Remember when maggots were found in potatoes about to be served at a Michigan prison? That was just the tip of the iceberg.

A new report released this week details widespread cost cutting by the food service company Aramark, whose contract was terminated by the state last year. Kitchens were not only unsanitary but dangerous. The company hired inexperienced staff, allowing prisoners to steal makeshift weapons and control the lunch-line. Food shortages were especially common.

Michigan eventually replaced Aramark with a new contractor, but the report comes to an unambiguous conclusion: the underlying problems that ended the contract are “likely to resurface under any contract relationship.”

This is because, in a drive for profit, private corrections companies like Aramark routinely cut corners to lower costs. In private prisons, this drive often leads to more prison violence, lawsuits, and high staff turnover. Companies claim they’ll be more “efficient” than the government, but Michigan’s problems show that dangerous conditions, low quality food, and shortages is what efficiency really looks like.

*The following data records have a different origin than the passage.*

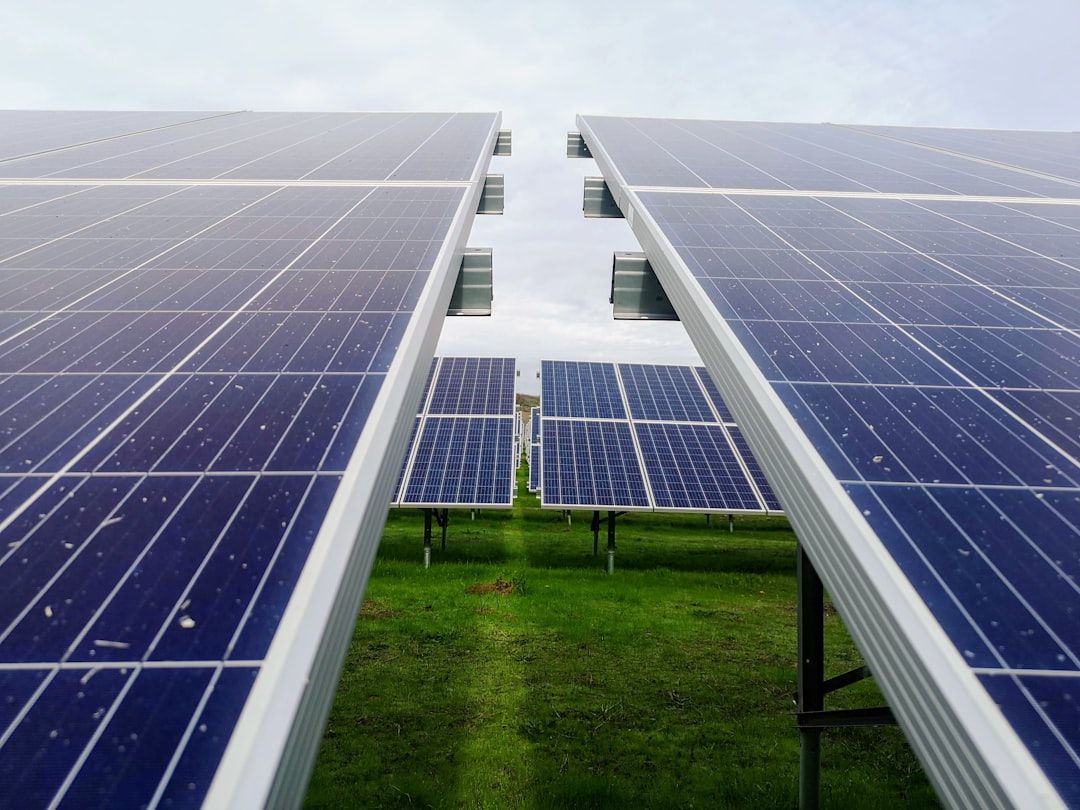 Mehrere Reihen von Solarmodulen, montiert auf Metallrahmen, auf einer Rasenfläche unter einem bewölkten Aachener Himmel.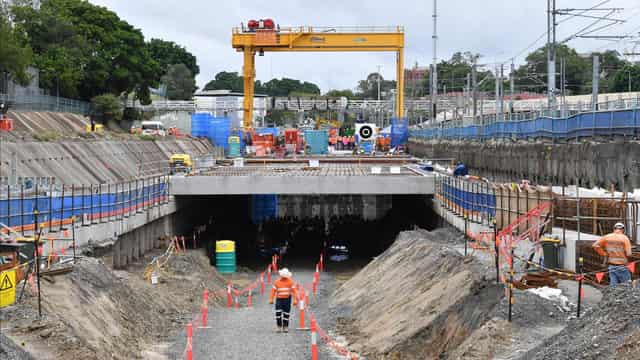 Workers return to cross-river rail after dangerous fall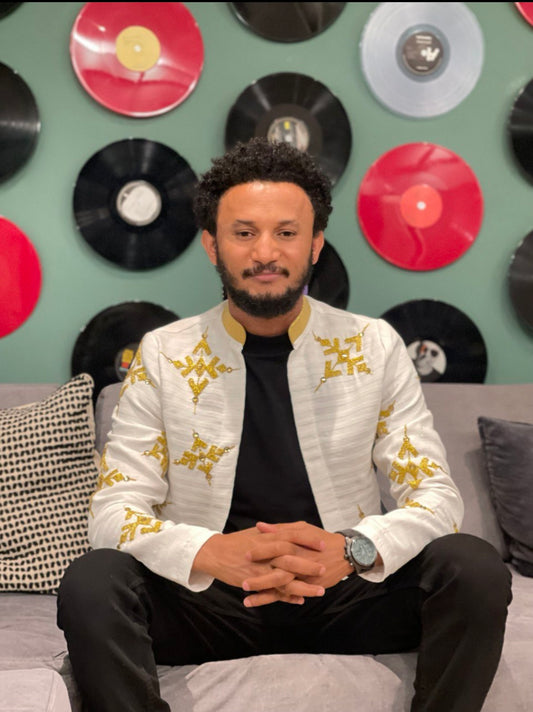 Ethiopian Elegance: Golden Embroidered Men's Long Sleeve T-Shirt with Habesha Libs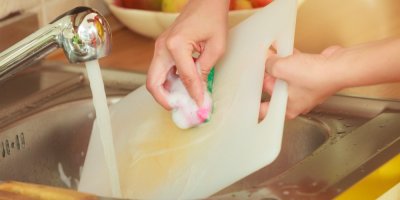 Žena umývá plastové prkénko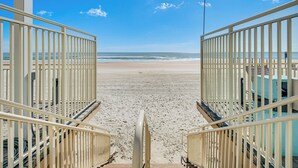A beach view with a railing in the foreground and a clear sky. - Oceanfront Gem - Walk to Daytona Beach Pier! (Daytona Beach)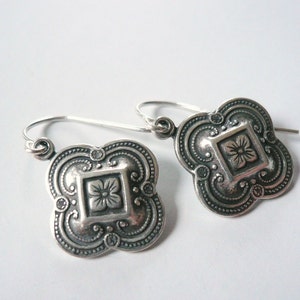 Puede incluir: Un par de pendientes de plata con un diseño cuadrado que presenta un motivo floral. Los pendientes tienen un diseño delicado e intrincado.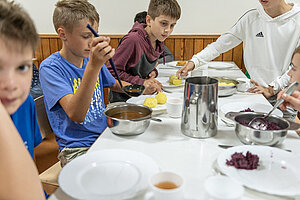 Schüler beim Mittagessen am Tisch. Das Essen wird aus Schüsseln auf die Teller verteilt. 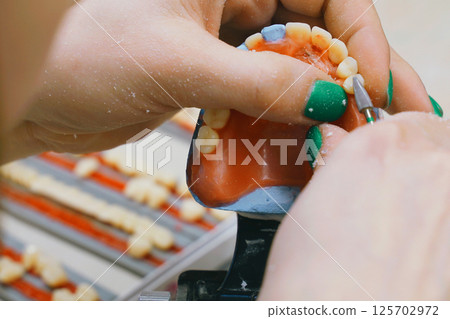 Expert dental technician skillfully shaping dentures in laboratory setting 125702972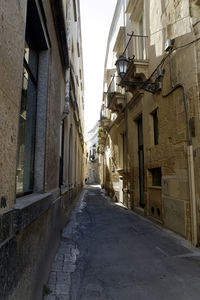 Narrow alley amidst buildings in city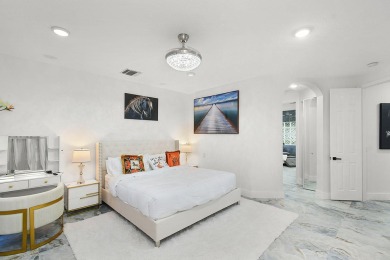 This lovely home, redesigned to be a peaceful retreat, is just a on The Wanderers Club in Florida - for sale on GolfHomes.com, golf home, golf lot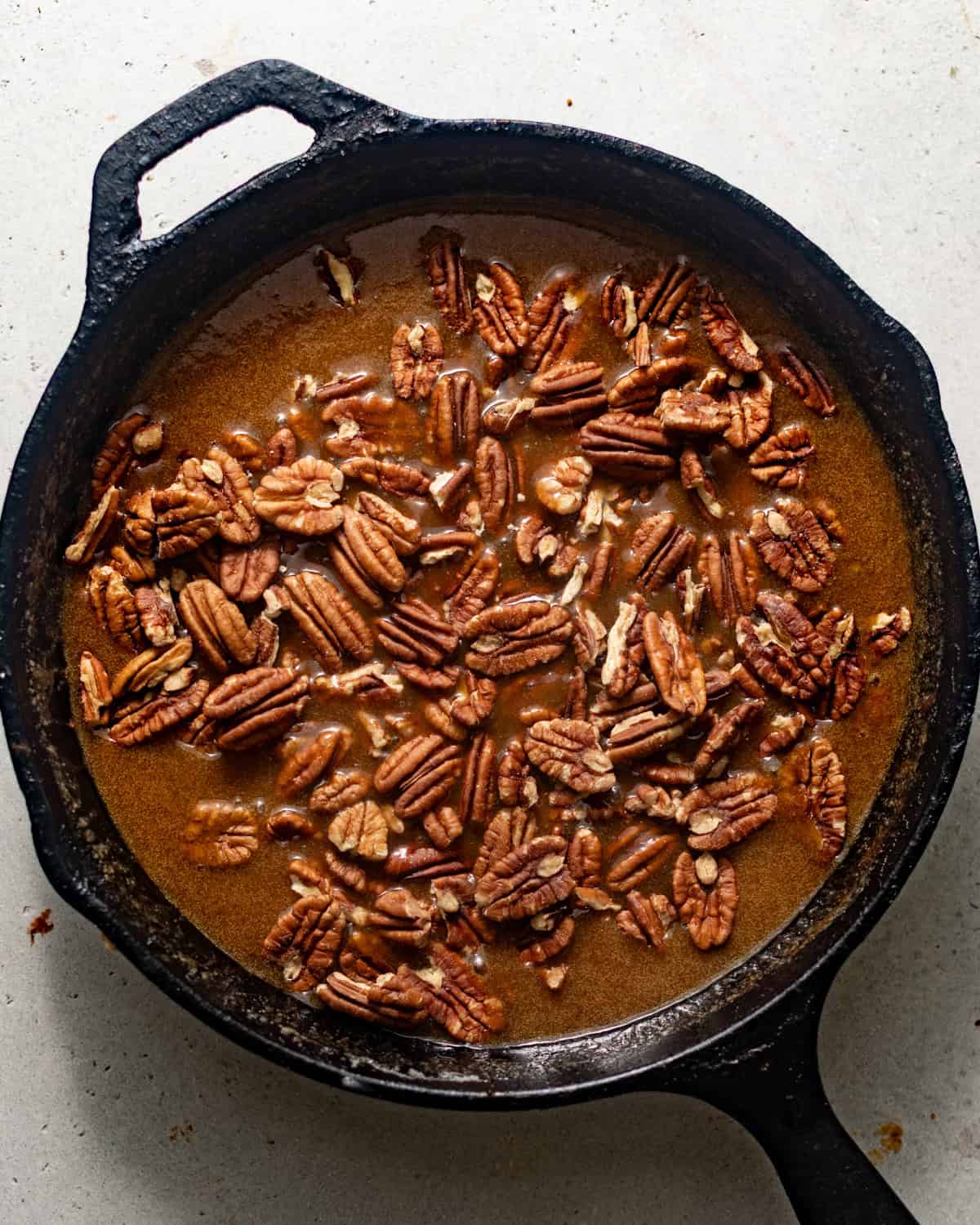 chopped pecans folded into the caramel sauce in a skillet to make the pecan pie filling.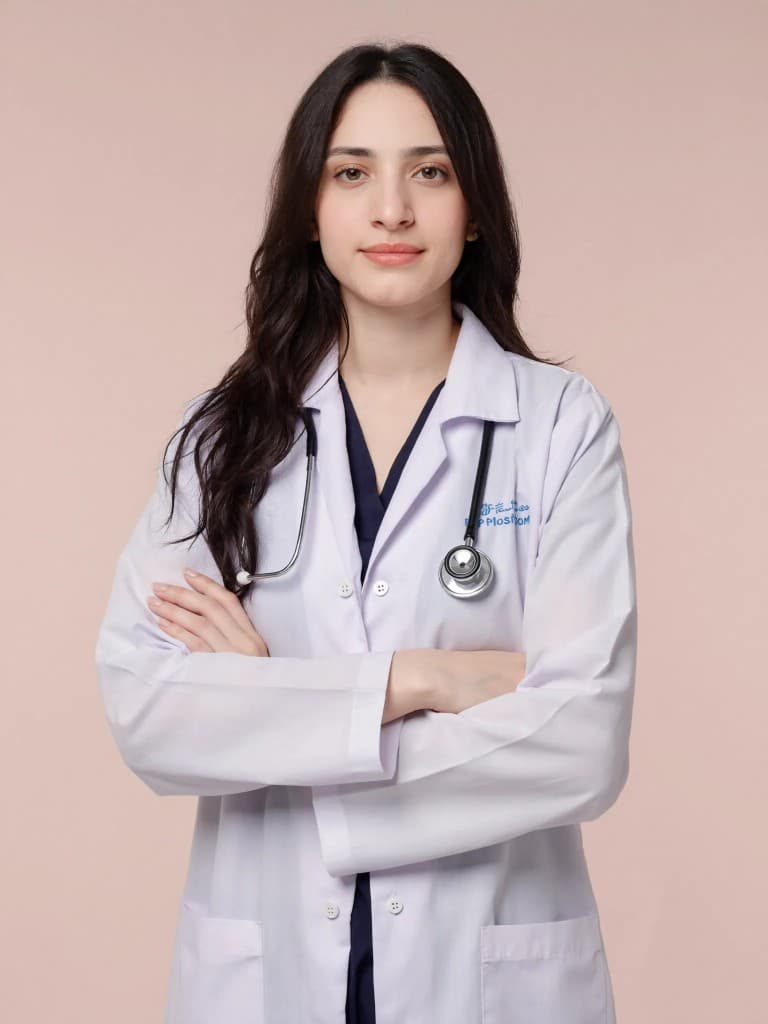 Dr. Hajra Bajwa in a white coat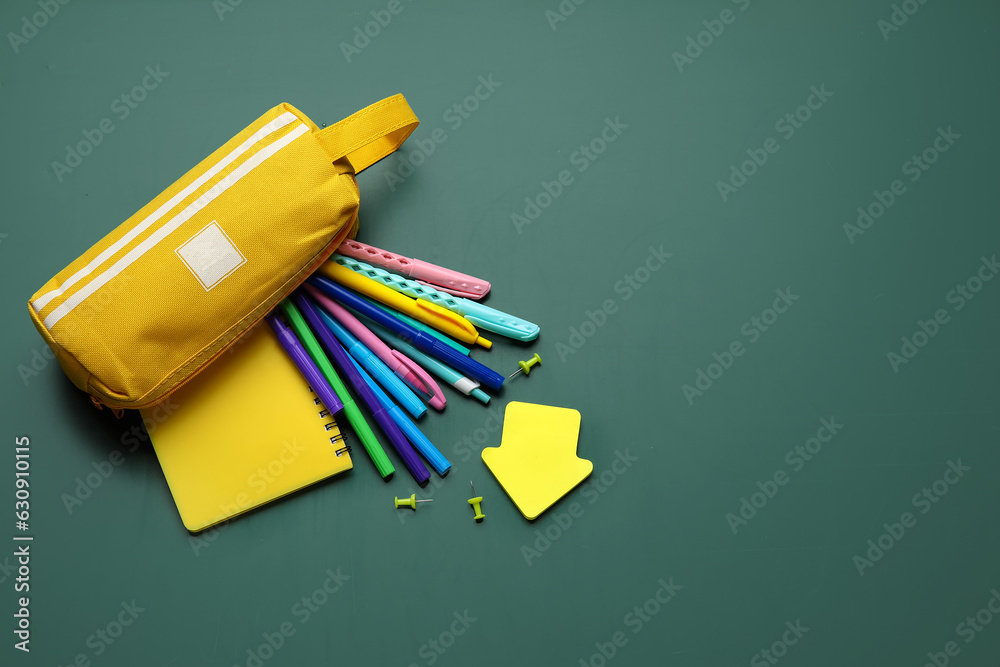 Pencil case with different school stationery on green background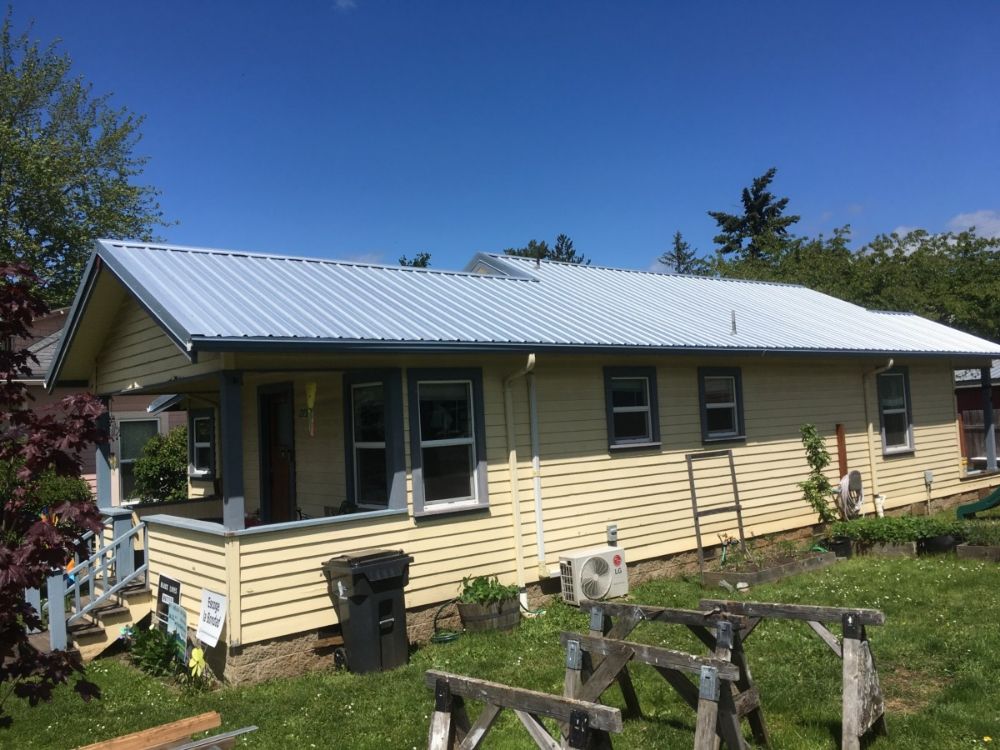 Slide of Cisneros Roofing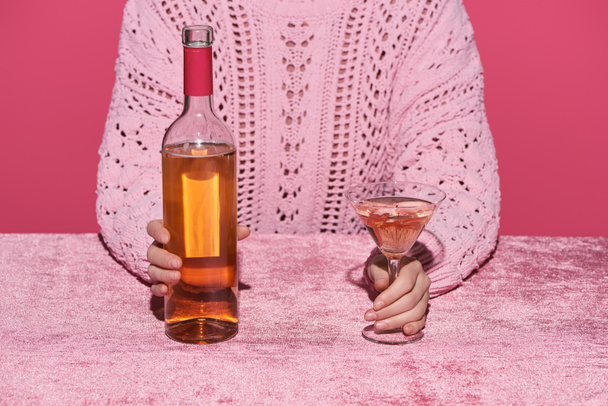 cropped view of woman holding bottle of alcohol drink and glass at velour pink table isolated on pink, girlish concept - Photo, Image
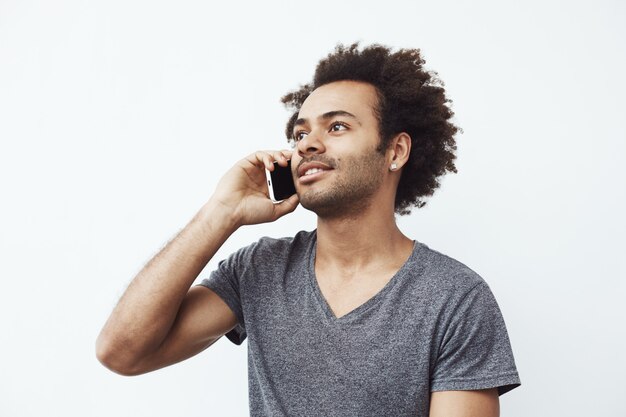 Foto gratuita hombre africano positivo sonriendo hablando por teléfono.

In a drive for profit, private corrections companies like Aramark routinely cut corners to lower costs.


 

The state’s new contractor, Trinity, isn’t doing much better. Since taking over for Aramark in August, the company has already had 59 of its kitchen employees fired and subjected to “stop orders,” banning them from prison property for a variety of infractions.  Last week, nearly 1,000 prisoners at a facility upstate protested by refusing to eat food served by Trinity. Prisoners at another Michigan facility held a similar protest on Monday.

Introducing for-profit companies into America’s criminal justice system has been a bad deal for both prisoners and governments. Michigan is just the latest tragic example.